Begin at the line that has "Hi again, this", stop after the line that has "Tip the mower", and print exactly those lines from the records below, without any pictures.
======== Data for the task ========
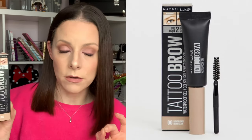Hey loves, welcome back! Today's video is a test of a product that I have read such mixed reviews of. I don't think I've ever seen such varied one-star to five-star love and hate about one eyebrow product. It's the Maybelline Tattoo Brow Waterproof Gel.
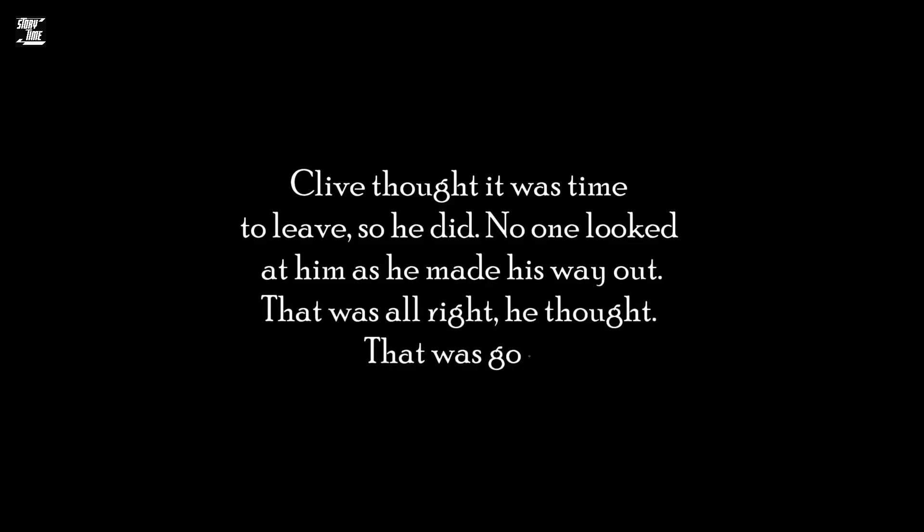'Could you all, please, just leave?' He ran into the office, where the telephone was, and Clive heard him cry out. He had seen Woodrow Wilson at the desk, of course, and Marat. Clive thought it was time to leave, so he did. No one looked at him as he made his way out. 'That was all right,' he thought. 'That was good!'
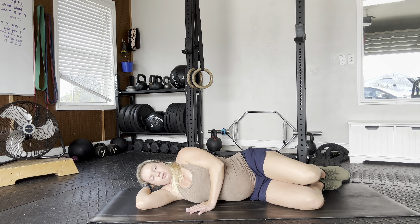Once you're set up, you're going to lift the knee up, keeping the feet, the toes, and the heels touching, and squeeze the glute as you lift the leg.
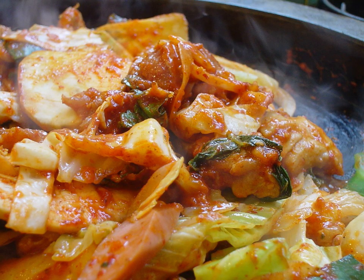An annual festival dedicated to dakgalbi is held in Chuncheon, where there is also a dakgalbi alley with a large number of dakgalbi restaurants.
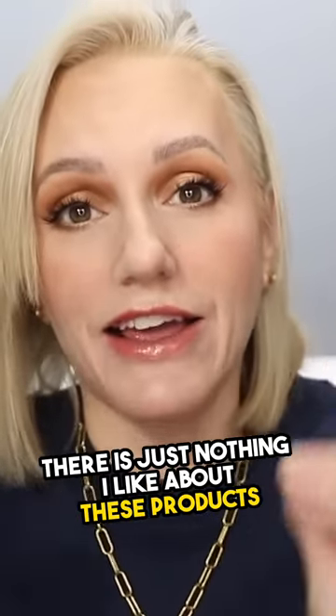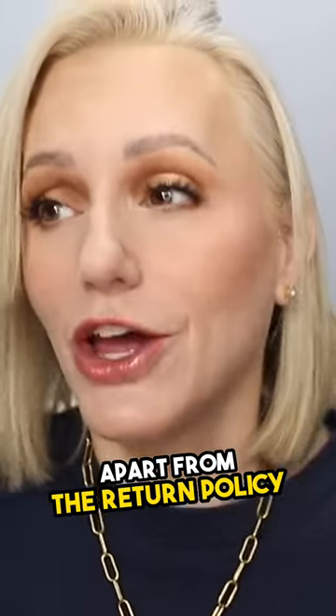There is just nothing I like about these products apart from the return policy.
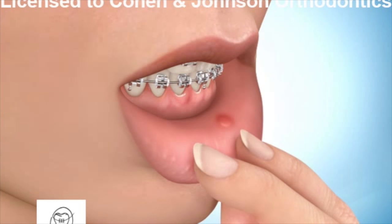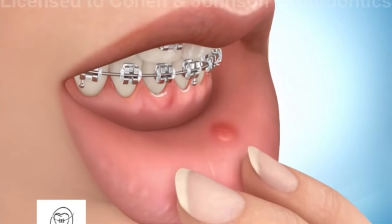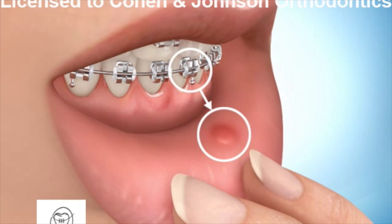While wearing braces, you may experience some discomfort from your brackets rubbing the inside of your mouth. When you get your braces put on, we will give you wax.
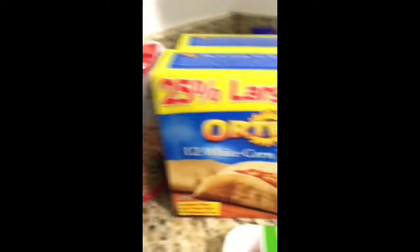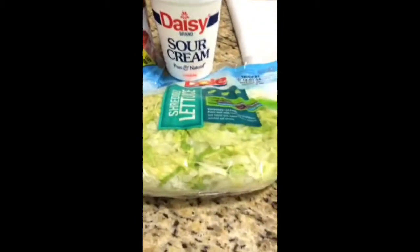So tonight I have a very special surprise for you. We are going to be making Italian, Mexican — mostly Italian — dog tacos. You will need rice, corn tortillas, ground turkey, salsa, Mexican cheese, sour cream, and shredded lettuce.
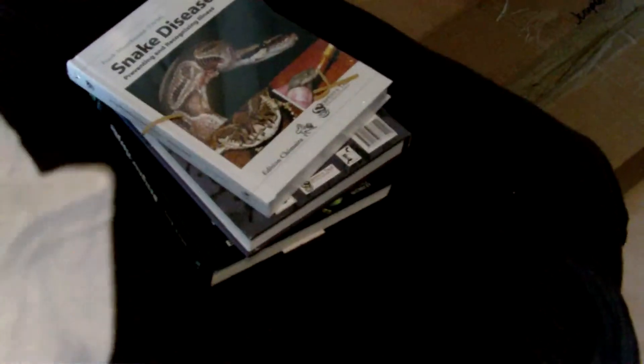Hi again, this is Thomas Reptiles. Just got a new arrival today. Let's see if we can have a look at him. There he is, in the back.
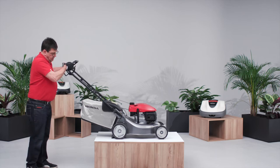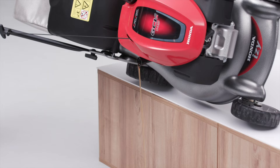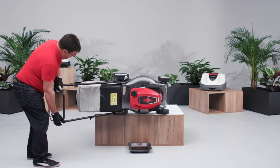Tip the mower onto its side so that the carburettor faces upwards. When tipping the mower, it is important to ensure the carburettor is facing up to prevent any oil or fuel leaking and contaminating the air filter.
========
======== Data for the task ========
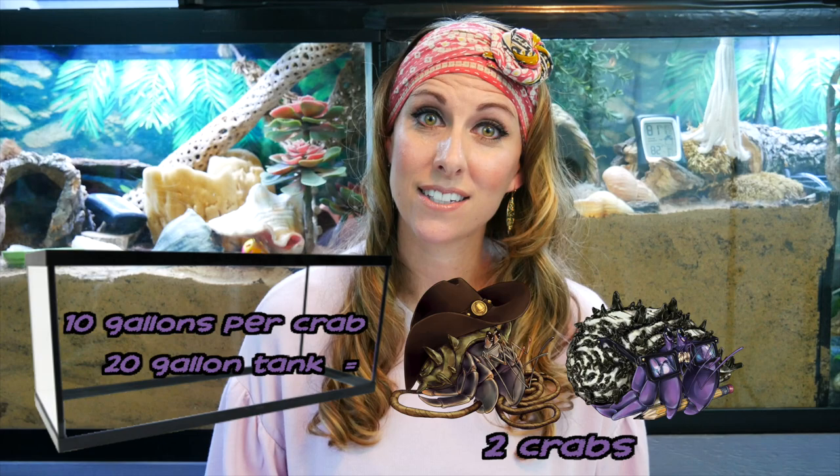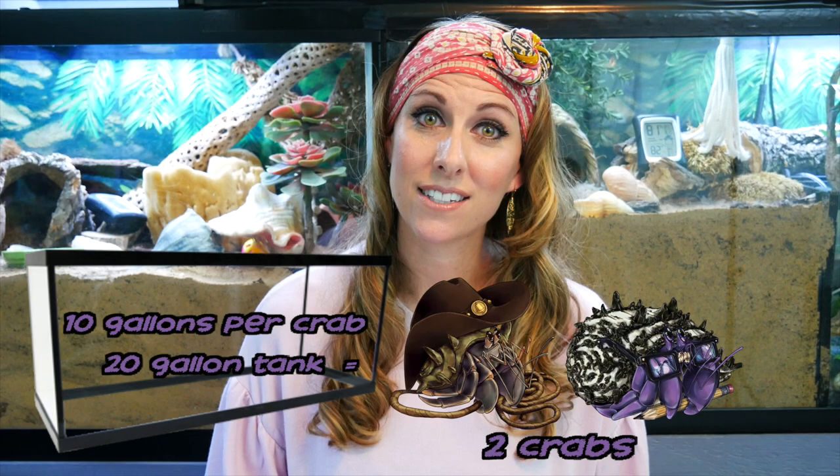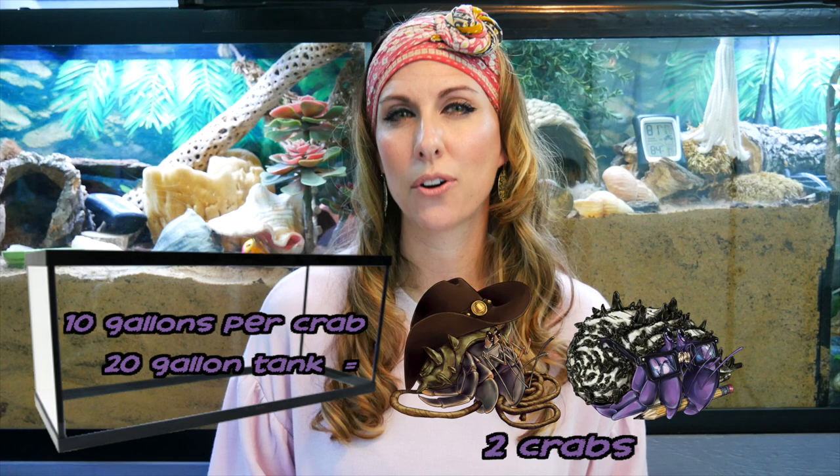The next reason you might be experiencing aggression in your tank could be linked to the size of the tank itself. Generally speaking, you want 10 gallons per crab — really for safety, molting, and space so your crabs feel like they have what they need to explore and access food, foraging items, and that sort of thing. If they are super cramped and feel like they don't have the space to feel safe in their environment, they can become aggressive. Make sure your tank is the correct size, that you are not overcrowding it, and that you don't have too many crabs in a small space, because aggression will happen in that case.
========
### [Task solution]
Hi again, this is Thomas Reptiles. Just got a new arrival today. Let's see if we can have a look at him. There he is, in the back.
Tip the mower onto its side so that the carburettor faces upwards. When tipping the mower, it is important to ensure the carburettor is facing up to prevent any oil or fuel leaking and contaminating the air filter.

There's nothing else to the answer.